Results
A total of 132 AF patients with mild renal dysfunction were included in this study. Table 1 summarizes the clinical characteristics at baseline during the initial admission. Among all the patients, 66.7% were men (n = 88), and 54.5% (n = 72) were diagnosed with paroxysmal AF. The mean age was 62.8±0.7 years. The baseline CHA2DS2-VASc score was 1.7±0.1.
The median duration between the two admissions was 11 months (IQR: 6-22 months). The CHA2DS2-VASc score was 0.2±0.0. The mean eGFR at readmission was significantly increased compared with the eGFR at baseline before the index RFCA procedure (81.5±1.1 vs. 78.0±0.7 ml/min/1.73 m², P < 0.01), as shown in Figure 1. After all patients underwent successful CPVI, 94 (71.2%) patients showed paroxysmal atrial arrhythmia and the remaining 38 (28.8%) showed persistent atrial arrhythmia when readmitted due to recurrence.
Among the 4 groups classified based on patterns of arrhythmia change, the difference in eGFR was statistically significant (P = 0.03), as shown in Figure 2. Figure 3 shows that patients with recurrence of paroxysmal atrial arrhythmia had better renal function outcomes regardless of whether they initially had paroxysmal or persistent AF (P < 0.001 and P = 0.004, respectively).

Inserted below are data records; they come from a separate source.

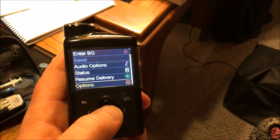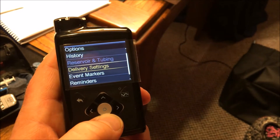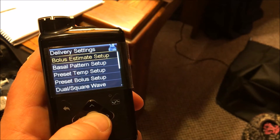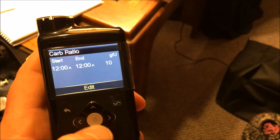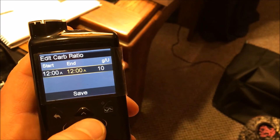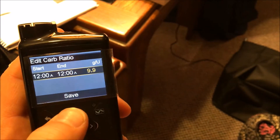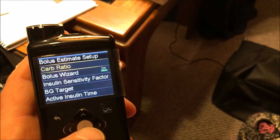It's time to set up our bolus options. We're going to go to Options, then Delivery Settings, and then Bolus Estimates Setup. From there you can program your carb ratio. The time is okay, and it's set to 10 — that's actually correct for me — so I'm going to keep that and save it. Change is saved. My carb ratio of 10 is saved.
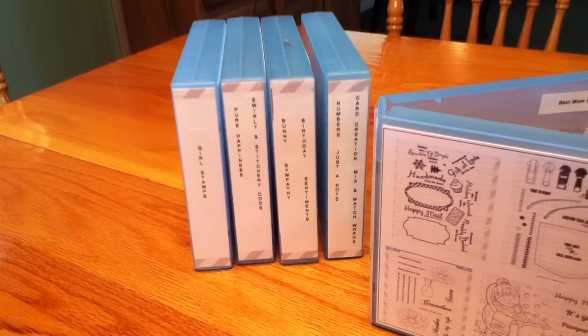Hello, my crafting friends. I'm coming today with a quick video and a share. You're looking at my SP & Co binder system — binders that I bought with the April release.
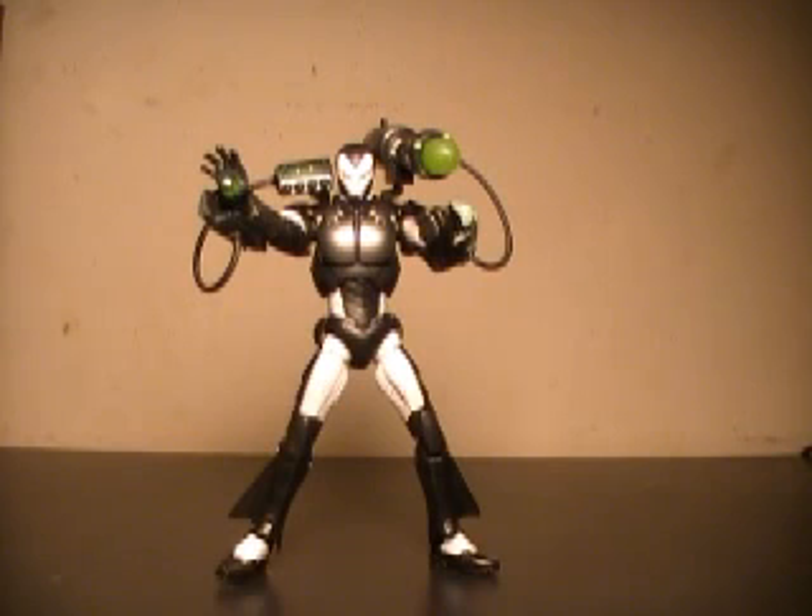Unfortunately, online you're going to pay more because these are a pain to find. But even with that, the amazing paint apps and fantastic articulation on this figure mean you must own this if you're an Iron Man fan. This is JTrain997 saying, I'll see you soon, YouTube.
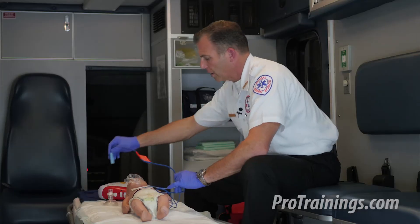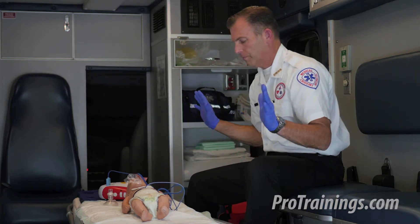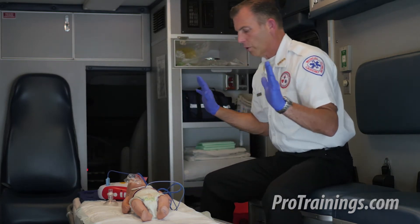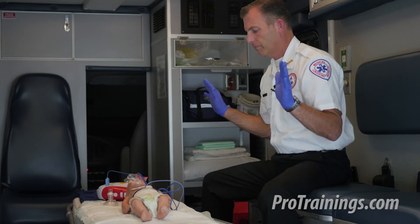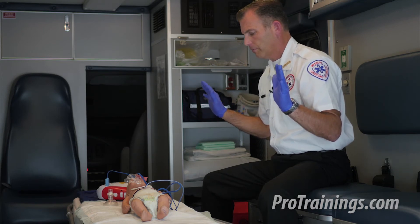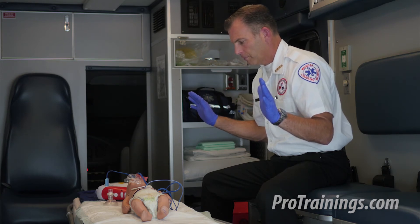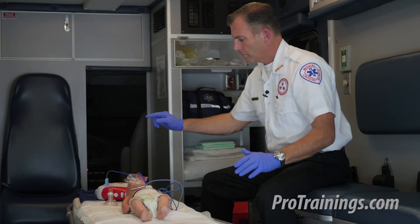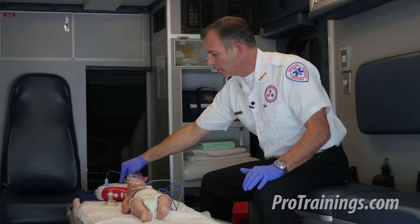Check connector and pads — I'm going to plug in my connector. The AED is now analyzing the rhythm. Everyone stand clear — we stand clear and do not touch the patient. Shock advised. Charging. Everyone stand clear. I'm being prompted to push the flashing yellow button.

In the univariate Cox regression, the CHA2DS2-VASc score, left atrial diameter (LAD) and recurrent atrial arrhythmia type were significantly associated with changes in eGFR. Although not a significant factor in the univariate Cox regression, baseline age was still included in the multivariate analysis because age has always been a strong risk factor for renal dysfunction. As shown in Table 2, after adjusting for baseline age and the CHA2DS2-VASc score, LAD and recurrent atrial arrhythmia type, the multivariate Cox regression showed that a lower CHA2DS2-VASc score (hazard ratio [HR]: 0.416, 95% confidence interval [CI]: 0.235-0.735,P = 0.003) and paroxysmal recurrent atrial arrhythmia (HR: 2.965, 95% CI: 1.604-5.483, P = 0.001) were associated with better renal function.